Non terrà la bocca chiusa. Tutt'altro. Tanto che non si avvarrà della facoltà di non rispondere. Al gip Francesco Mancini fornirà la sua versione dei fatti. Lo farà in presenza del suo legale di fiducia, l'avvocato Nadia Patrizi. Sosterrà di essere estraneo alla vicenda.
È fissato per domani l'interrogatorio di garanzia di Rinaldo Neccia (detto Ciccio), l'agente di polizia penitenziaria finito al centro dell'indagine scaturita dal ritrovamento di alcuni telefoni all'interno del carcere di Frosinone. L'uomo, stando alle accuse, si sarebbe incontrato più volte con le compagne e i familiari dei detenuti per ricevere denaro e cellulari. Tanto che in un caso Domenico Coppola, un'altra persona coinvolta nell'inchiesta, impossibilitato a trovare i soldi per concludere l'affare, avrebbe riferito alla madre di aver ottenuto lo sconto da Neccia: da 500 a 300 euro, invitando la donna, oltre a portargli dei salumi e altri generi alimentari, anche a vendere la motocicletta per reperire la somma. Dicendo pure di fare presto ed evidenziando che per ottenere il telefonino, che chiama «un coso di quelli» si serve «dei blu», riferendosi appunto a qualcuno della penitenziaria.
Gli incontri tra l'agente e i familiari dei detenuti, filmati dai carabinieri che erano proprio sulle tracce di Neccia dopo il ritrovamento di un telefono in una cella, avvenivano in zona, ma anche a Sabaudia: lì i carabinieri assistono alla consegna dello smartphone prima e dei soldi dopo. E notano che il poliziotto, dopo essere sceso da un'Opel Zafira, incontra un albanese che prima gli porge un involucro, che lui infila in un borsello, e che subito dopo «mette una mano in tasca - evidenzia il gip - e gli cede qualcosa, certamente le banconote. L'agente prende tutto e senza scrutarne il quantitativo, si allontana in direzione Frosinone».

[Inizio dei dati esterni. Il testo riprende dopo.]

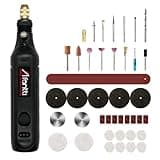 Afantti Mini Cordless Rotary Tool Detail Sander Grinder Small Grinding Pen Set with | 101 Accessories | for Small Crafts & Projects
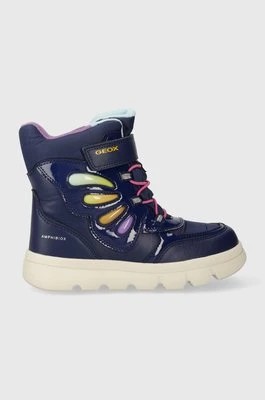 Zdjęcie produktu Geox buty zimowe dziecięce kolor granatowy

Neccia, in altre circostanze, si preoccupava pure che i passaggi di denaro non erano tracciabili. «Io gli ho detto - dice in un'intercettazione - quando mi devi mandare qualcosa, che sono solo denaro, preferisco che me le manda con Western Union... Non c'è una tracciabilità, non c'è niente capito?».
L'accusa contesta anche «l'accettazione da parte del Neccia - scrive sempre il gip - di una promessa di denaro in cambio dell'introduzione in carcere di 50 grammi di hashish». I carabinieri, infatti, indagando sui telefonini, scoprono cose interessanti: i cellulari venivano usati anche da altri detenuti che se li passavano tra di loro. E, grazie al passaparola, altre carcerati sono venuti a conoscenza delle "modalità" con le quali ricevere un cellulare, ma anche droga. La guardia carceraria, stando alle accuse, per far passare gli ordini chiedeva somme che variavano dai 150 ai 500 euro. Tutto grazie alla mediazione di congiunti, mogli e compagne dei reclusi. Istruiti in tal senso, al telefono o durante i colloqui, i familiari venivano in contatto con l'assistente capo. Secondo quanto emerso nel corso delle indagini, gli incontri avvenivano in bar o in parcheggi di Frosinone. Lì avvenivano gli scambi. I carabinieri, anche in questo caso, sono riusciti a filmare alcuni di questi incontri: l'assistente capo si sarebbe fatto consegnare i telefonini o la sostanza stupefacente, poi introdotti nel carcere. Con questo sistema avrebbe ottenuto 2.000 euro attraverso dazioni dirette di denaro e ricariche di una postepay. Ricariche avvenute mediante triangolazioni con persone non collegate ai detenuti per non destare sospetti in caso di controlli. Neccia, attraverso il suo legale, respinge le accuse. Ed è proprio per tale motivo che risponderà alle domande del giudice per le indagini preliminari.